How to get memory access profile (over time) inside a kernel?

Greetings everyone,

I am new to using profiling tools in the NVIDIA system and I have a question regarding memory transfer profiling inside a kernel. Specifically, I am interested in obtaining a time-varying graph that displays the bandwidth at a given time on the y-axis. Here’s what I have tried so far:

  1. Nsight Compute: While this tool provides overall bandwidth utilization, I have not been able to obtain time-varying data. It is possible that the values provided are already averaged over time.
  2. Nsight Systems: The timeline view in this tool shows memory transfer but only between host-device or device-device. I am wondering if it is possible to obtain a timeline view between on-chip memory (cache memory) and device memory.

Any suggestions or insights on how to achieve this would be greatly appreciated. Thank you.

@jcohen to comment for Nsys

@fschmidt to comment for Ncu

NSYS supports high frequency sampling of GPU Metrics.

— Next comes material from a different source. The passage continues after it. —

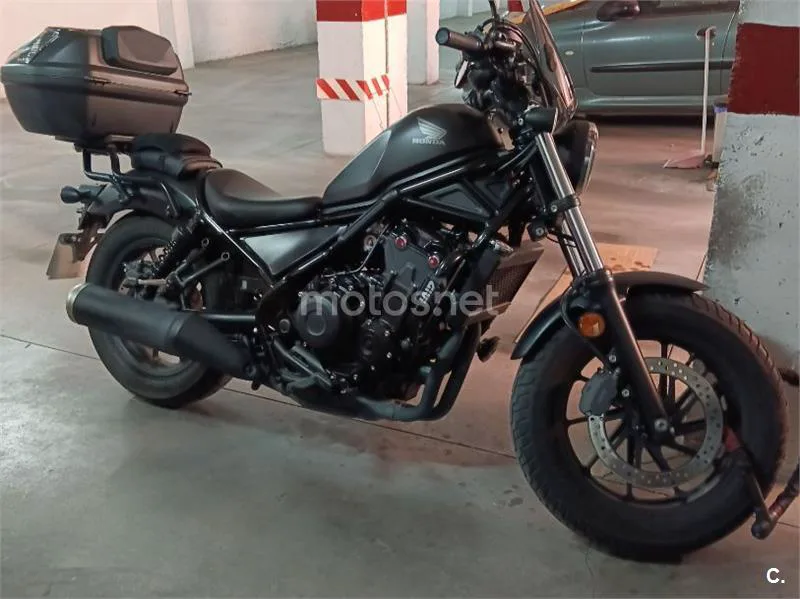 Honda Rebel 500 - Vista 5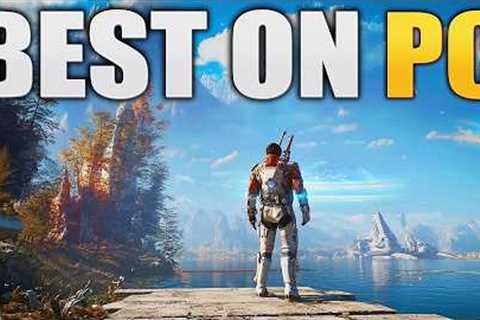 20 Best PC Games You Can Play Right Now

The counter values are the aggregate for the GPU.

If you run the command nsys profile --gpu-metrics-set=help you may find multiple metrics sets for your GPU. The General Metrics for NVIDIA xyz only have video memory bandwidth. If you want to see additional bandwidth at the L1 and L2 level use the Graphics Throughput Metrics. These are designed for short collection periods (<1 sec) with detail from many units.

There is not support in NSYS to help correlated performance metrics to a section of code in the kernel.

NCU does not support time series during the execution of the kernel.

NCU Source View can help you determine where you have long latency operations. Please look for the locations with the highest stall sample count on long scoreboard.